Le Conseil de sécurité des Nations unies était réuni depuis 15H00 (19H00 GMT) pour débattre de cette condamnation.
Un tribunal spécial a reconnu Mme Suu Kyi coupable d'avoir violé les termes régissant depuis 2003 son assignation à résidence et l'a condamnée à trois ans de prison et de travaux forcés, mais sa peine a été commuée en 18 mois de résidence surveillée.
Mme Suu Kyi, 64 ans, était accusée d'avoir brièvement hébergé en mai un Américain, John Yettaw, qui s'était invité chez elle après avoir nagé jusqu'à son domicile, au bord d'un lac.
"Merci pour le verdict", a déclaré Mme Suu Kyi, sur un ton sarcastique, à la lecture de la condamnation. Elle portait une tenue traditionnelle birmane mêlant le rose et le gris clair, et son visage semblait fermé, selon une journaliste de l'AFP présente au tribunal.
Le ministre birman des Affaires intérieures, le général Maung Oo, a ensuite fait une entrée surprise à la Cour et annoncé que Than Shwe, numéro un de la junte, avait signé un décret commuant la peine de prison en résidence surveillée.
Il n'a pas exclu que la peine soit encore réduite si Mme Suu Kyi se comportait bien.
De son côté, John Yettaw, mormon de 54 ans à l'origine de la mise en accusation de l'opposante, a été condamné à sept ans de prison et de travaux forcés. Il a écopé de trois ans pour avoir enfreint des lois sécuritaires, trois ans pour violations des lois sur l'immigration et d'un an pour avoir nagé illégalement dans un lac de Rangoun.

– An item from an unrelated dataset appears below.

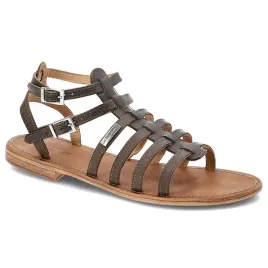 sandaly-les-tropeziennes-35616-gris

M. Yettaw a souffert de plusieurs crises d'épilepsie au cours de la semaine écoulée et n'a quitté l'hôpital que lundi soir, selon des responsables birmans.
La figure de proue de l'opposition birmane a été reconduite dans l'après-midi à son domicile, sous haute sécurité.

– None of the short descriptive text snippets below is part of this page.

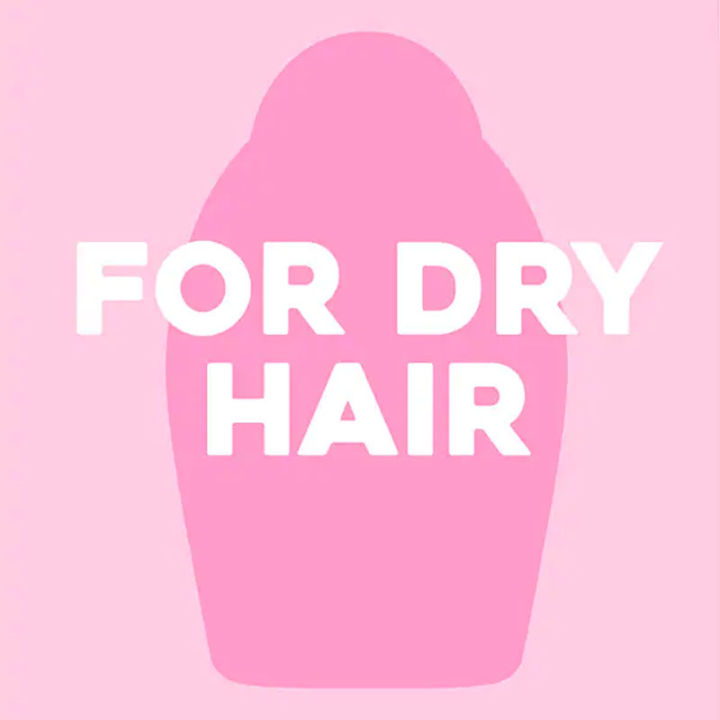 OGX%20Nourishing%20+%20Coconut%20Milk%20Shampoo%20385ml%20-%20Image%204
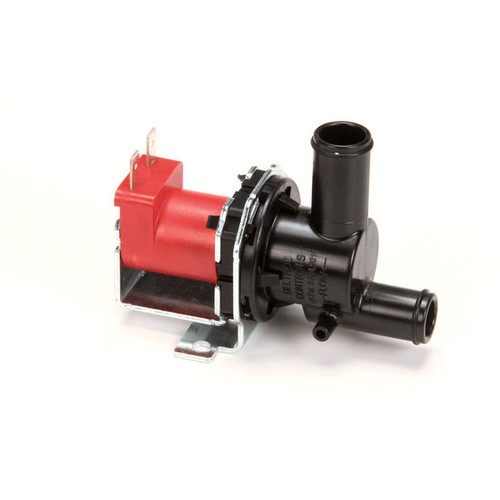 9041105-05 PURGE VALVE 180 DEG 240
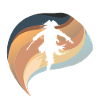 Pirate Pirate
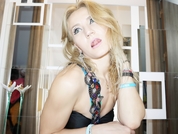 ashleysweetxxx pic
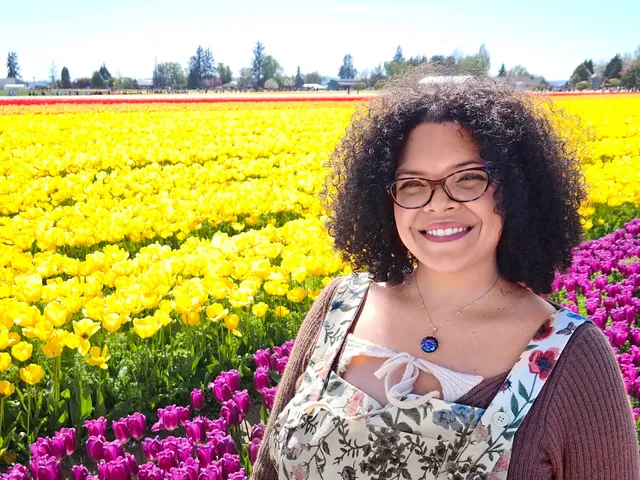 Healing with Lindsey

Ses deux dames de compagnie ont écopé de la même peine qu'elle. Toutes trois étaient passibles de cinq ans de prison et le régime a voulu donner l'impression qu'il tenait compte des appels internationaux et qu'il était prêt à faire preuve de clémence, ont estimé des analystes.

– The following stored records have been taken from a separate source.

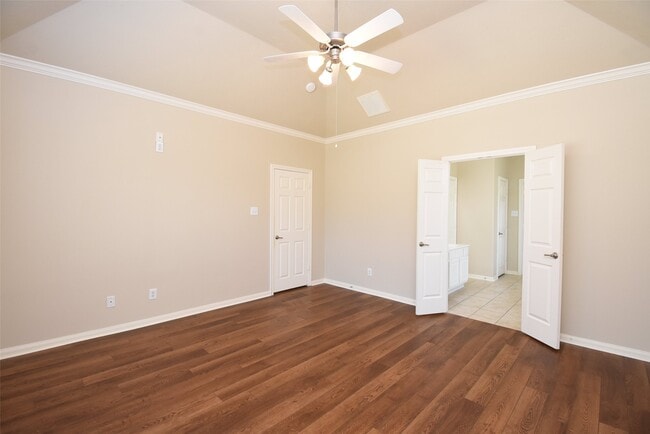 Building Photo - 15007 Grape Orchard Ct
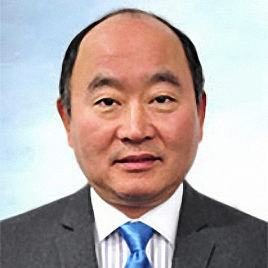 龙8-long8(国际)唯一官方网站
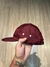 BONÉ FIVE PANEL TRIP SIDE - loja online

Mme Suu Kyi, secrétaire générale de la Ligue nationale pour la démocratie (LND, principal parti d'opposition en Birmanie), a été maintenue en isolement pendant 14 des 20 dernières années.
Les réactions internationales n'ont pas tardé et la plupart des gouvernements ont estimé que les élections de 2010 n'auraient aucune crédibilité sans sa participation.
Le secrétaire général de l'ONU Ban Ki-moon, qui s'était rendu début juillet en Birmanie, s'est déclaré "profondément déçu" par le verdict et a enjoint la junte de considérer enfin Mme Suu Kyi comme une "actrice essentielle" du jeu politique.
Le président américain, Barack Obama, a qualifié d'"injuste" la condamnation de l'opposante et a appelé à sa libération "immédiate et sans condition". Sa secrétaire d'Etat, Hillary Clinton, a estimé qu'elle "n'aurait pas dû être jugée et condamnée".
Tous deux se sont aussi émus du sort de John Yettaw, dont le département d'Etat a qualifié la peine de "cruelle" et "excessive".
Le président français Nicolas Sarkozy a qualifié le verdict de "brutal" et d'"injuste". Le gouvernement canadien a estimé que la junte était mue par un "désir de vengeance" à l'encontre de l'opposante.
La présidence suédoise de l'Union européenne (UE) a réclamé la "libération immédiate et sans conditions" de Mme Suu Kyi et annoncé son intention de prendre de "nouvelles mesures ciblées" à l'encontre du régime birman.
La Birmanie est depuis plus d'une décennie sous le coup de sanctions européennes et américaines, renforcées après l'écrasement de la révolte des moines bouddhistes en 2007."